Technology, Politics and Democracy






Recently I spoke with Jascha Franklin-Hodge, CTO and co-founder of Blue State Digital about how technology is affecting politics and democracy in the U.S.

Blue State Digital was born out of Jascha’s experience helping Howard Dean’s seminal run for the White House in ’04. and is the technology and strategic services company powering Barack Obama (and many other Democratic leaders and social justice causes like Save Darfur and We Can Solve It).

These videos (there are three total) are timely in light of the staggering September figures from the Obama campaign:

  • 630,000 new donors (bringing total donors to 3.1 million)
  • 150 million dollars raised
  • Average contribution: $86

Here are a few observations I took away from our conversation:
Online U.S. political communities will morph from a campaign fundraising role to a governing role. Regardless of whether Obama or McCain wins in November, every 2012 political campaign, even the laggards, will be as sophisticated as Obama is today- and any campaign with that much momentum won’t be able to stop community participation at the White House door or the Capitol steps (“thanks for all the money and support, I‘ll see you in four years”). Online communities will follow politicians into their governing roles.
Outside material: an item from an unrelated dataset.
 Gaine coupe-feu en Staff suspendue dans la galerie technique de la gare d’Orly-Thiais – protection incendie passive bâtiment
This summer when MyBarackObama experienced the FISA revolt within his own community this became clear. This has far more transformative potential than the fundraising juggernaut we are seeing now. Powerful communities may come to dominate the agenda of incumbent politicians providing feedback, direction and policy input.
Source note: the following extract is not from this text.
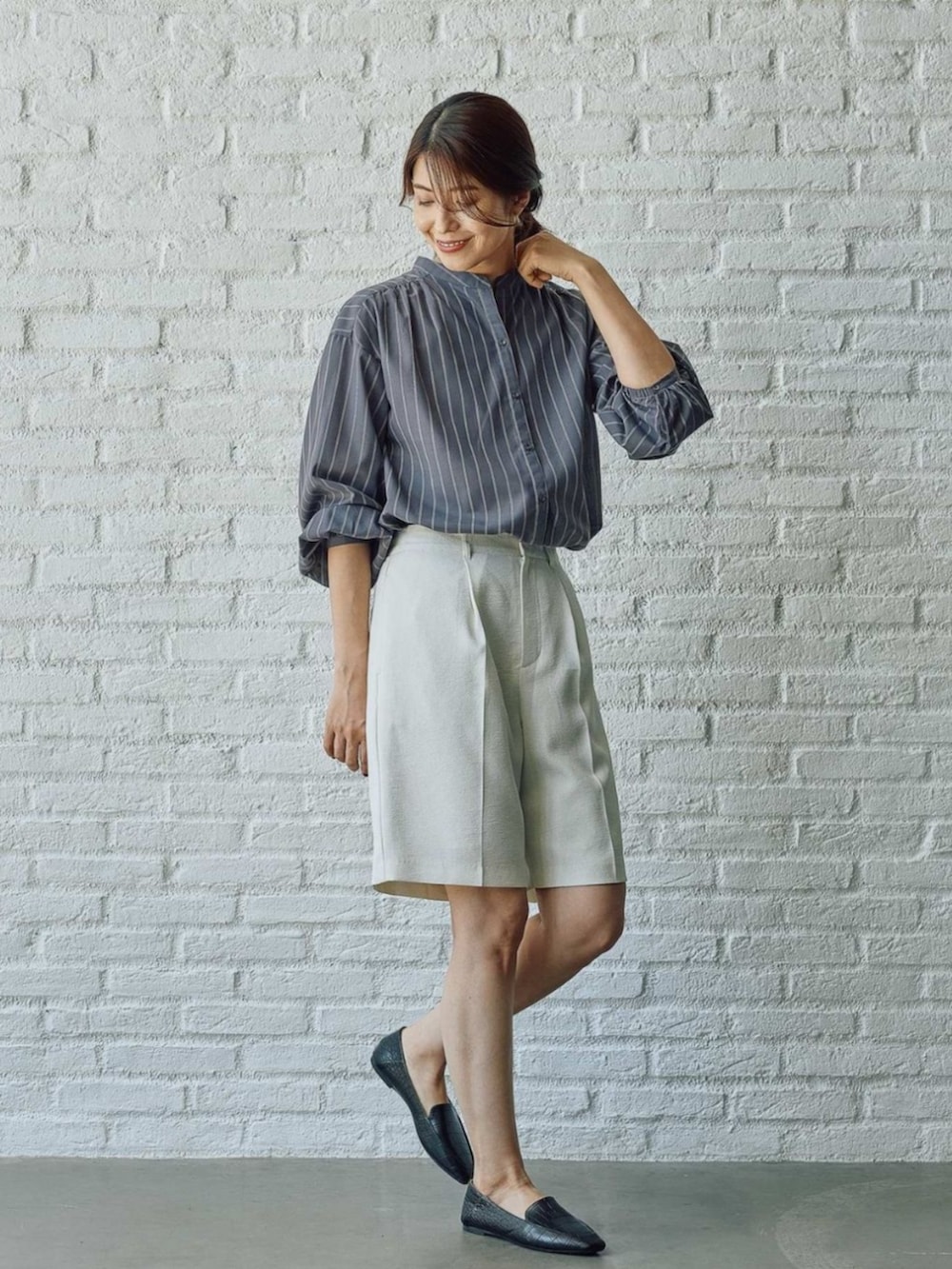 グレー系のシャツ/ブラウスを着用したレディースの秋コーディネートの2枚目の写真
Microcampaigns and Swarm Politics: Rather than one centrally governed behemoth, MyBO is enabling a thousand small campaigns to flourish. MyBO puts the tools into the hands of anyone that wants to get active; from having your own blog, downloading voter lists to make calls with “Neighbor to Neighbor” or having your own fundraising dashboard to mark your progress. This kind of swarm politics has generated enormous amounts of energy (and money) from ordinary citizens. Jascha sums it up best “We are helping them run thousands and thousands of little local campaigns that roll up to a central set of issues or candidate or goal” That is unbelievably powerful.

Technology (infrastructure and know-how) will become a necessary core competence in all U.S. political campaigns. Jascha points out that campaigns traditionally mirror movie productions, with all of the resources, technology and logistics brought together for a short burst of activity and then disappearing once the final scene is shot; this results in an enormous loss of knowledge and skills that need to be relearned once the next campaign begins. Campaigns that maintain or are able to tap into a continuity of software, infrastructure and human capital will have serious advantage. Blue State Digital was conceived to fill that gap on the Democratic side of the aisle…

Open Data and transparent government. Part Three of the video series digs into the value of open data in government to allow citizens to hack and remix at will. When lobbyist data, earmark data etc. is available in standard formats it will be a great leap forward for more transparency in government. Great stuff.

Thanks to Brady for putting me in touch with B.S.D. and thanks to Jascha for taking the time to talk.